The only safe way to use %{_libdir} is in an architecture specific package, because when the package build is noarch, koji could choose any available builder, regardless of architecture, giving you a 50% chance (i686 vs x86_64) of matching /usr/lib to the actual environment. I would argue that if a package is compiling against files in an architecture specific directory (aka under %{_libdir}), it is not truly a noarch package. (You may be able to get around this by having the main package be architecture specific, with all the files that end up under %{_libdir} in the main package, and any truly architecture independent packages in a noarch subpackage, but that might be more hackish than simply disabling noarch.)

Hope that helps.

Compiling against an architecture dependent package does not mean a package needs to be architecture specific itself. Is what I'm seeing here a package that needs to set a library path in order to run its unittests? If so, that does seem like the package can remain noarch even though it wants to do this.

In a python module spec file, if we needed to do something like this we'd use %python_sitearch. %python_sitearch uses values defined when the python package is built rather than what the buildroot thinks, therefore it would have the proper values at times like this. Here's a slightly contrived example:

{{{
%check
export PYTHONPATH=%{python_sitearch}/Cherrypy-2.3.0-py%{python_version}.egg
python setup.py check
}}}

Note that this does mean that packagers can use %python_sitearch incorrectly in their spec files.
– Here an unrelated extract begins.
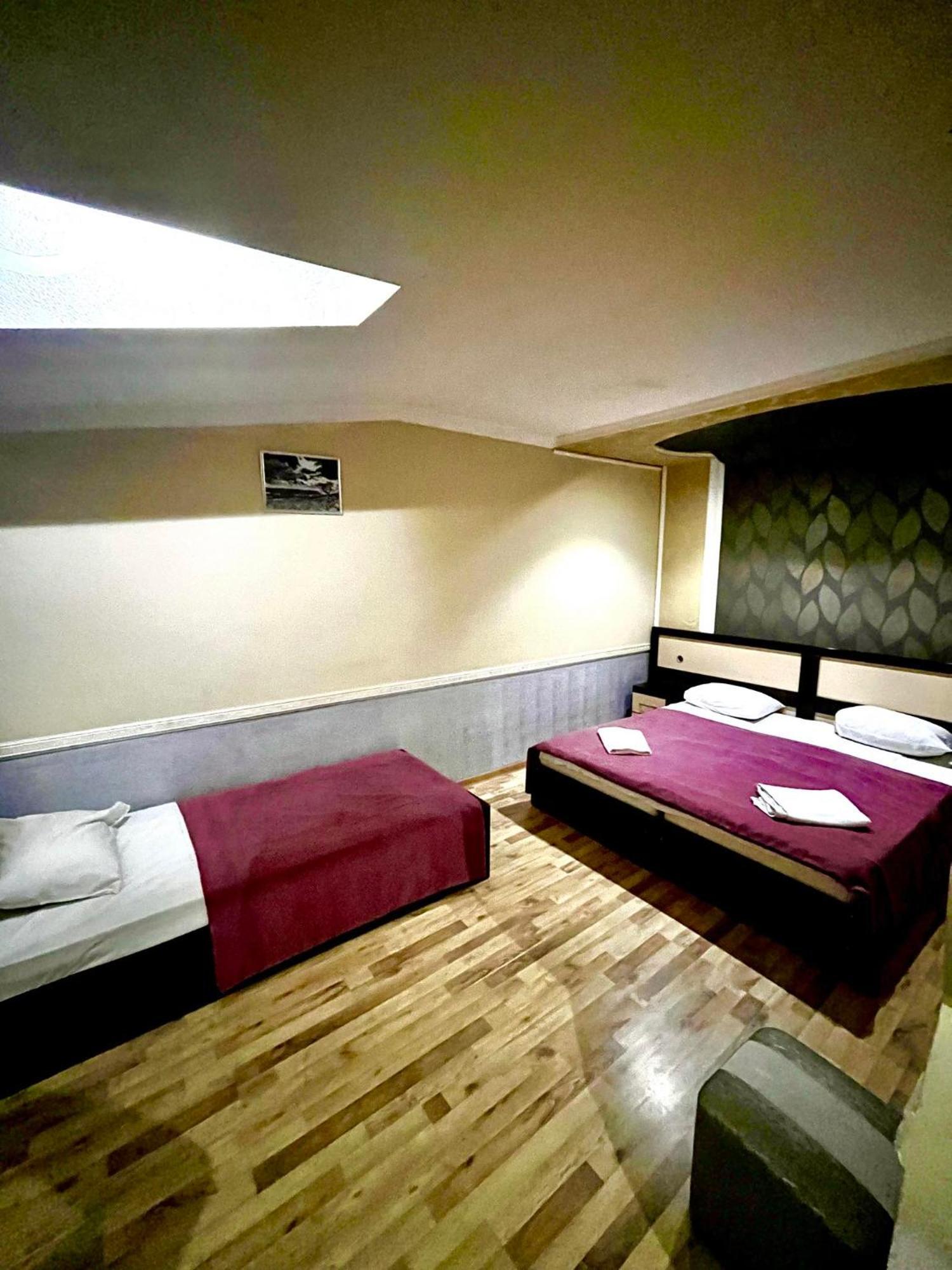B&B Europa Hotel Kutaisi Exterior foto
If they were to use it in a noarch package to define where to install something for this package, the package would build fine but a user on a different arch might have errors stemming from that usage.

It looks like there's no equivalent ruby rpm macro. All of the ruby rpm macros are defined like this: '%%{_libdir}/%{name}'. The double '%' means that the macro won't be expanded now (at the ruby package build time). Instead they will be expanded at the consuming package's build time. I'm not sure that this is the right thing for the macros to do -- For some of the cases, it is unnecessary but won't hurt (%{_prefix}, %{_datadir} won't differ between the ruby package build and consuming package builds). For the macros using %{_libdir} and %{_lib} expanding at ruby package build time would yield a different result than at the consuming package build time.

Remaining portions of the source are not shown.